While some herbal teas, such as elderflower, rose, wild blackberry and nettle are diuretics (not ideal for a good night’s sleep), the NHS [pdf link] suggest chamomile tea as a good option due to its antiseptic, anti-inflammatory properties and ability to relieve flatulence. Ginger and peppermint teas are also popular choices.
Stressed muscles? Then reach for a banana. Containing magnesium and potassium – which can help relax muscles – bananas also contain sleep favourite, tryptophan. They’re also a good source of carbohydrates. The Sleep Council suggest either eating whole or blending into a smoothie for an evening snack.
6. Turkey and chicken
High in tryptophan (which increases serotonin) and vitamin B6, turkey and chicken are beneficial in helping your body make melatonin, according to sleep expert and author of Fast Asleep, Wide Awake, Nerina Ramlakhan. Bread, eggs, milk, soya beans, potatoes and peanuts are other good sources of B6.
Not only are almonds delicious, they are also packed full of goodness as they contain vitamin E, zinc, selenium, magnesium, calcium and B vitamins. An excellent source of fibre and protein, they are a fantastic source of melatonin too.

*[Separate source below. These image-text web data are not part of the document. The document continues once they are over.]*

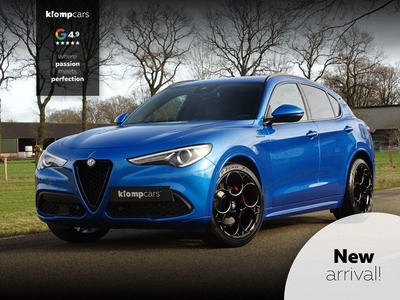 Alfa Romeo Stelvio 2.0 T AWD 310 PK Veloce | Carplay | 21 inch | Eibach | All Black | Ad.Cruise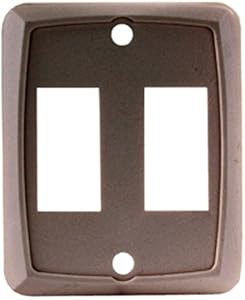 JR Products 12891-5 Brown Double Face Plate - Pack of 5 at Sears.com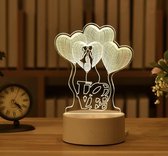 Prachtige Nachtlamp - Fenom Royal ® - USB - Valentijn Cadeautje Voor Hem - Valentijn Cadeautje Voor Haar - Verjaardag Cadeautje - Acryl - 3D Animatie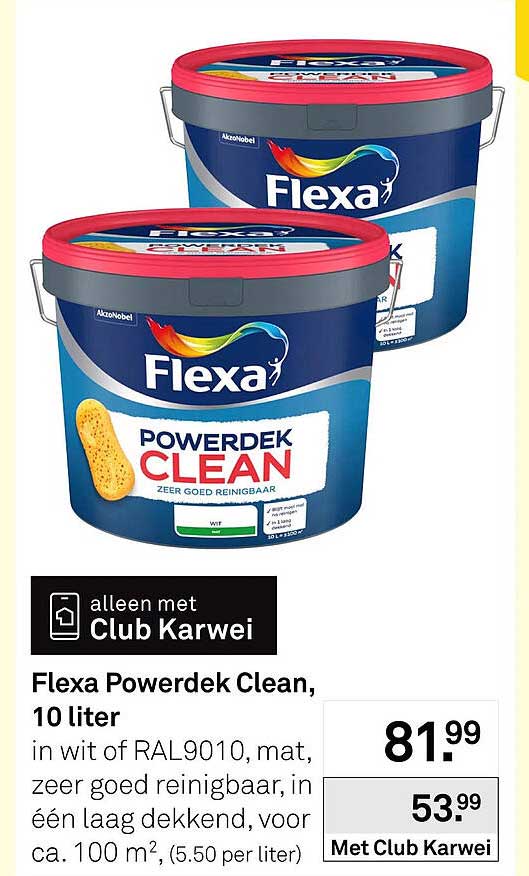 Flexa Powerdek Clean, 10 liter
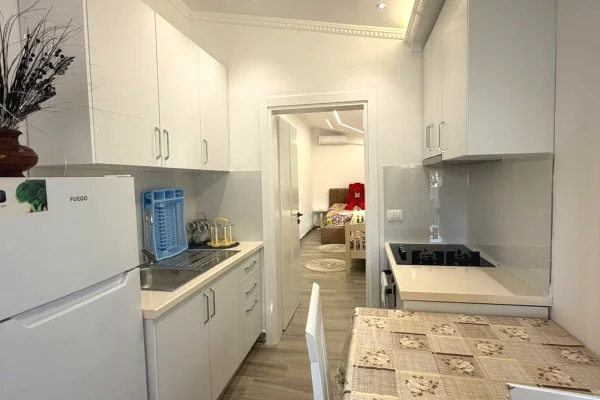 Shtepi me qera Apartament ne Durres, 1+1, Mobilimi E mobiluar, Pagesa 30,000  Leke.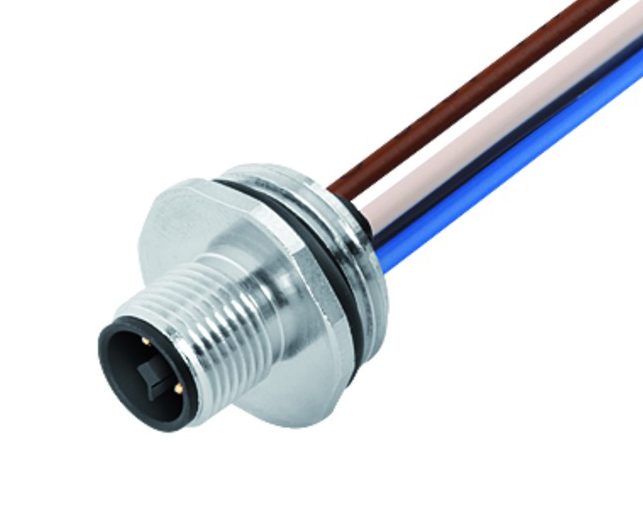 BINDER Plug Circular M12 4p with Strands 0.2m 09-0631-642-04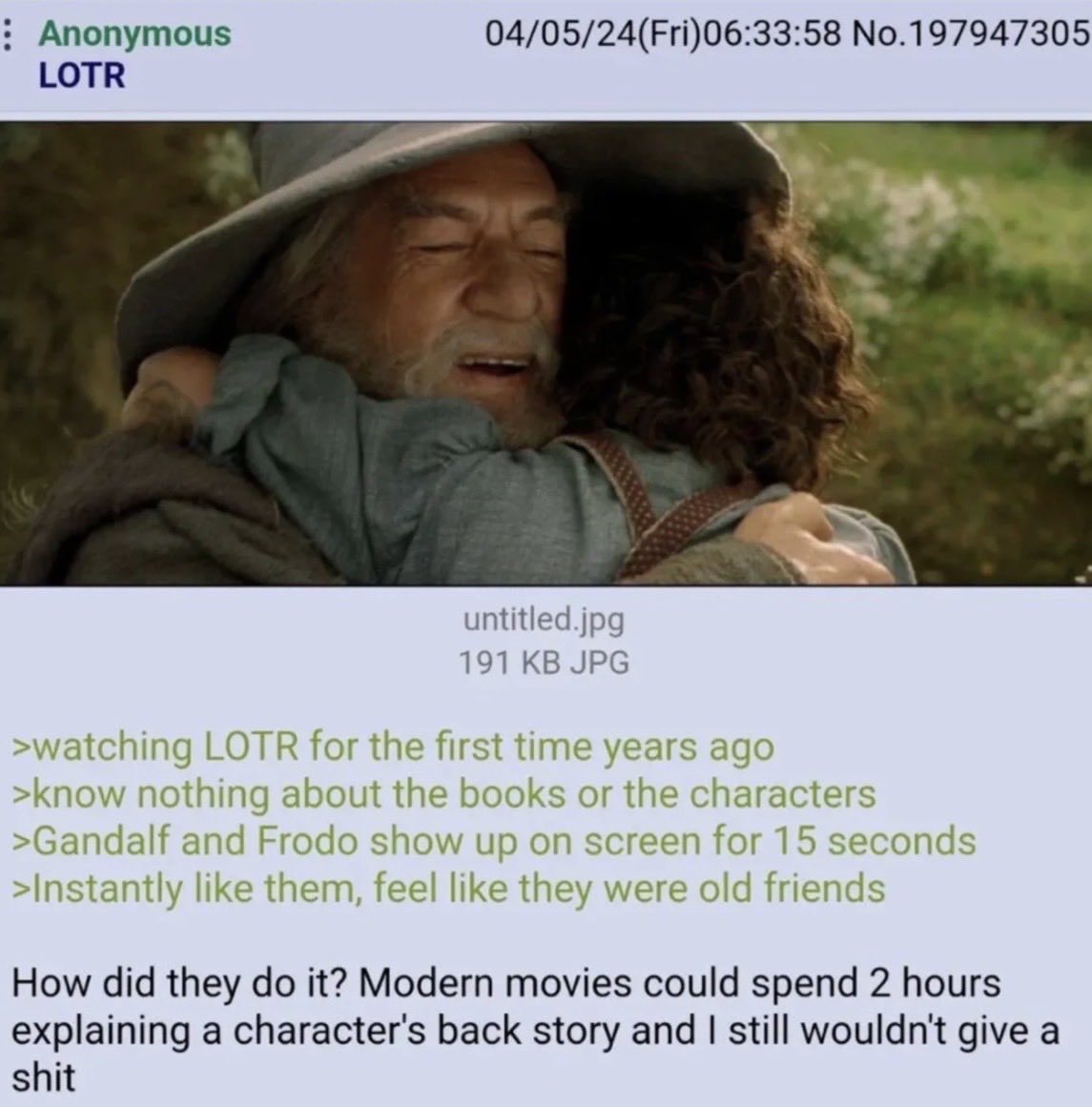 Peak filmmaking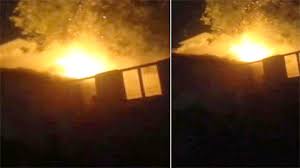 छत्तीसगढ़: मकान में लगी भीषण आग, घर के लोगों ने भागकर बचाई जान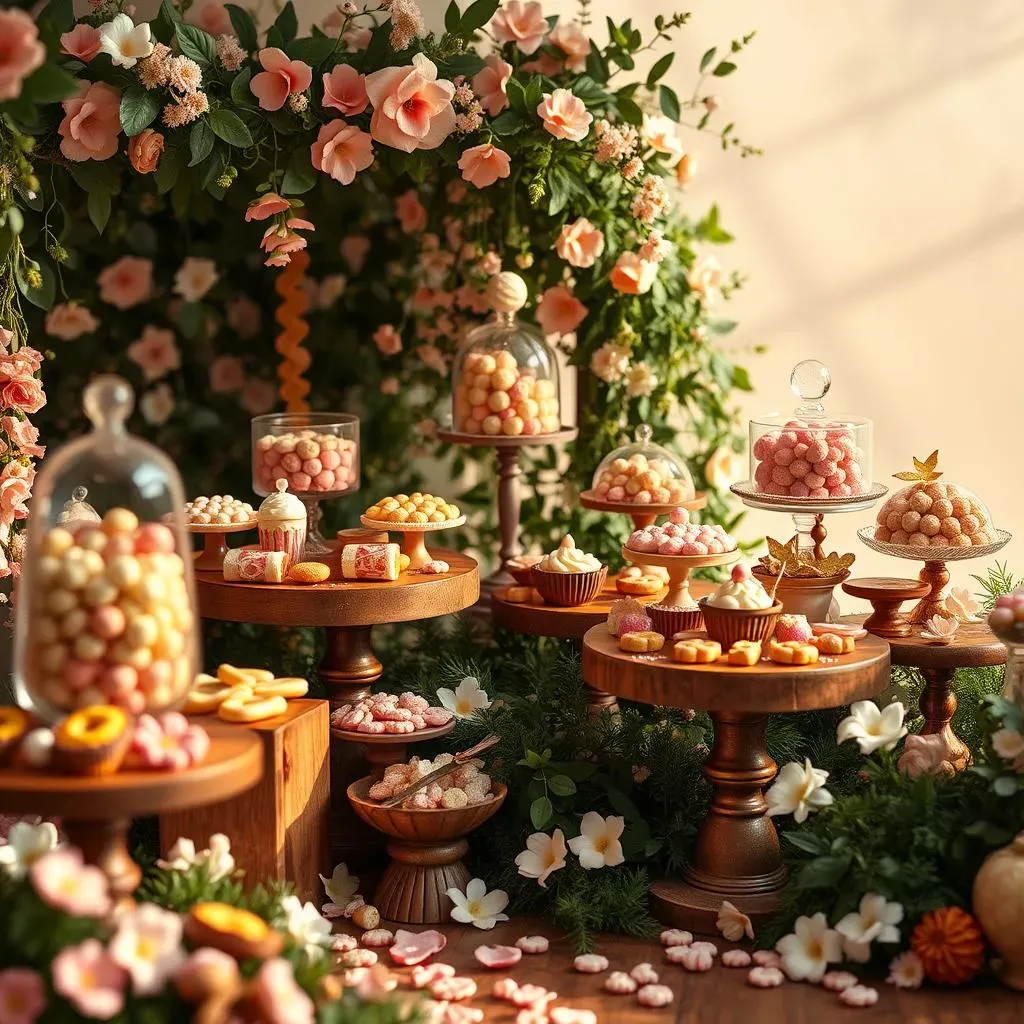 Sweet Success:  Tips for Setting Up and Managing Your Bridal Shower Candy Buffet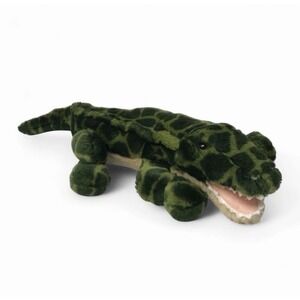 The Petting Zoo ALLIGATOR Green PLUSH Stuffed Animal Toy Crocodile WW 15"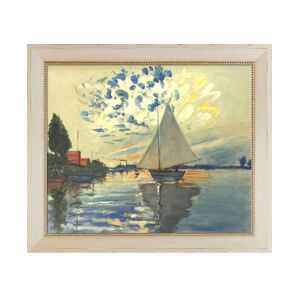 La Pastiche By Overstockart Sailboat At Le Petit-Gennevilliers with Constantine Frame, 24.5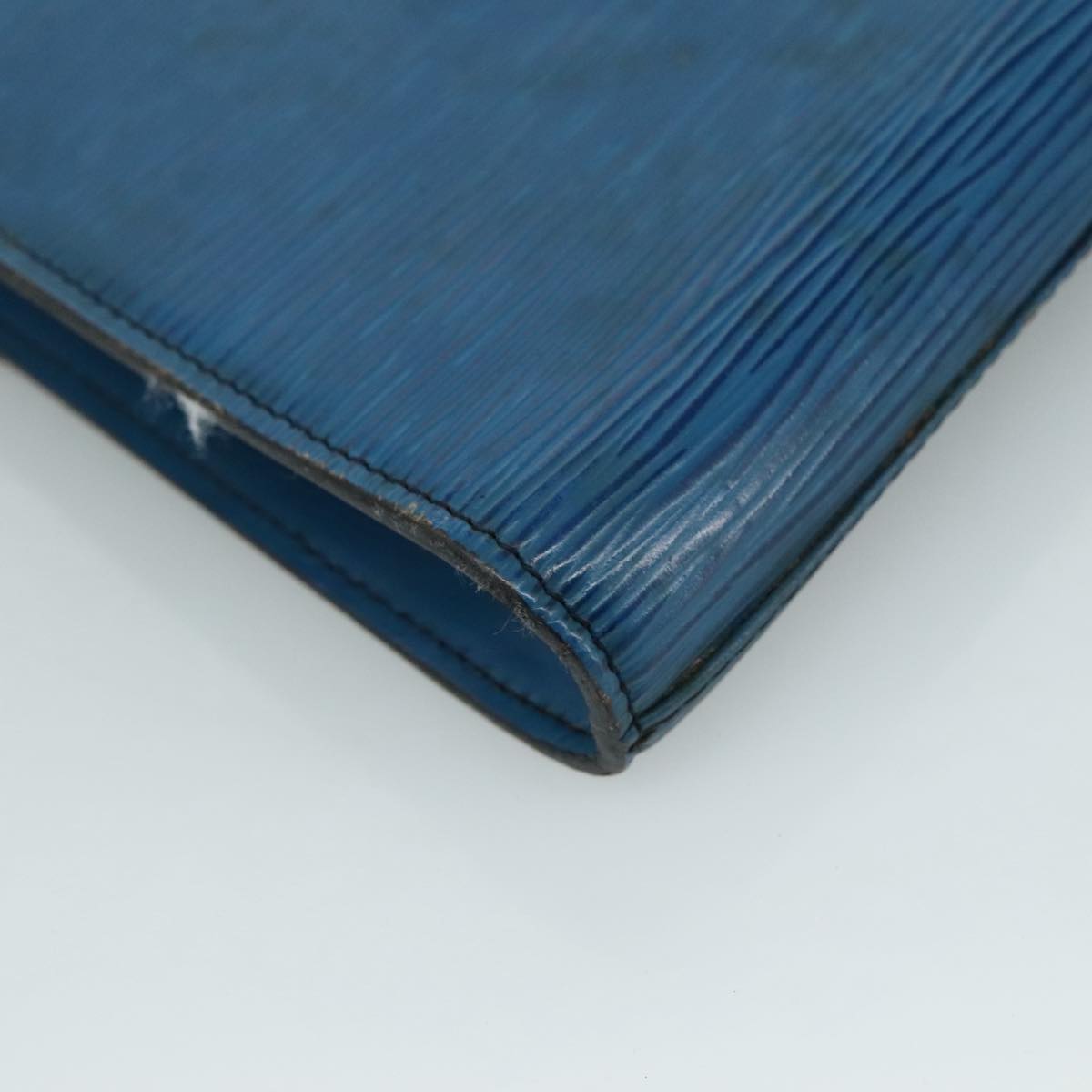 LOUIS VUITTON Epi Art Deco 27 Clutch Bag Blue LV 104728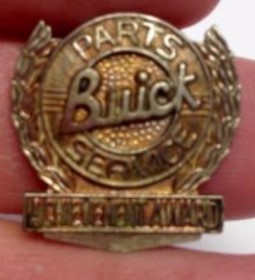 Buick Parts Service Achievement Award pin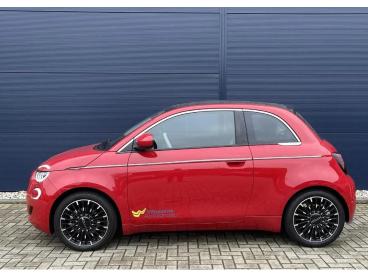 SPOTICAR Fiat 500 500c Electrisch Cabrio 42kwh I Demo Deal I 118pk Aut La Tweedehands - Stadsauto Elektrisch Rood - Nijmegen - 1200292172_5
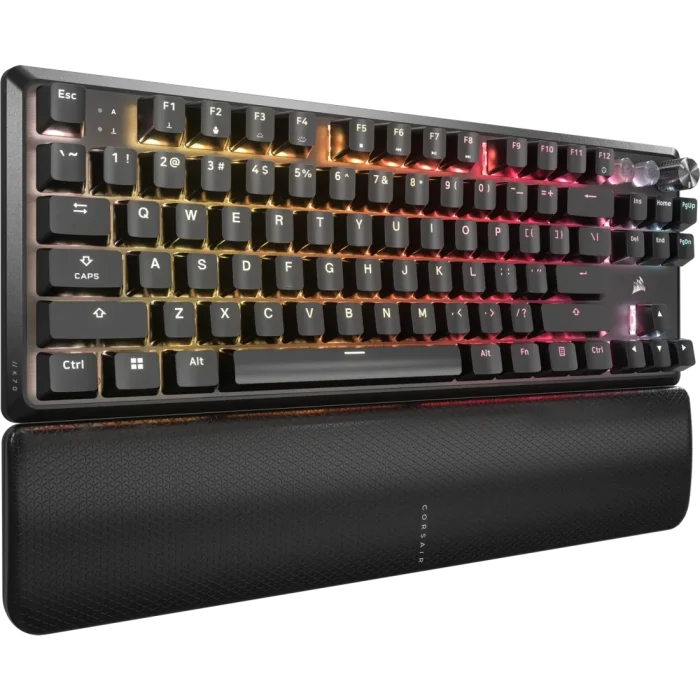 Corsair K70 PRO TKL High-Performance Hall Effect Programmable Gaming Keyboard with Rapid Trigger - ABS Double-Shot - Keycaps - Black - Image 6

Almonds also make for a convenient snack so grab a handful in the hours leading up to bedtime.
Oats and wholegrains are rich in magnesium, a key nutrient needed for quality sleep. In cookery writer Heather Thomas’ and nutritionist Alina Tierney’s book of recipes to help aid sleep, Eat to Sleep, the pair suggest a delicious dish incorporating not only oats, but two of the other foods that feature on our list: cherry, oat and almond crumble. Make sure to bookmark that recipe for a treat.
Eggs are one of the best sources of tryptophan writes dietitian Stephanie Fade. She suggests a snack combining eggs with a carbohydrate, such as poached eggs on a thin slice of toast, as a good option in the evening. However, some people might prefer a high tryptophan food in their main evening meal and then a carb, such as a slice of toast, before bed, she says.
Full of vitamin B6, chickpeas are another good ingredient to add into your evening meal. Hummus, which contains chickpeas, is a good alternative for a pre-slumber snack. Rich in protein, fibre and iron, chickpeas have a low glycemic index meaning they will help prevent a spike in sugar levels and leave you feeling nicely full and satisfied.